(Recorded data)
▼
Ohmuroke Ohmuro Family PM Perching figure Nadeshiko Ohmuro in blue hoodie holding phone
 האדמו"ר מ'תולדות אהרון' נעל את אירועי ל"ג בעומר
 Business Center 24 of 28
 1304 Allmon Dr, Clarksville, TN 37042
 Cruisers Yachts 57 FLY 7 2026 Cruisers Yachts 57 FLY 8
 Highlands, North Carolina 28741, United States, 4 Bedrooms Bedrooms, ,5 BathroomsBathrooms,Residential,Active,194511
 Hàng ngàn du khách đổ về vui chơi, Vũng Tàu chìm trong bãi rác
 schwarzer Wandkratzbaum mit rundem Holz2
▲
### Problem to work on
Produce an exact repeat of the lines from the one containing "Hàng ngàn du" through the last line of the data, and nothing more.

### Answer for the task
 Hàng ngàn du khách đổ về vui chơi, Vũng Tàu chìm trong bãi rác
 schwarzer Wandkratzbaum mit rundem Holz2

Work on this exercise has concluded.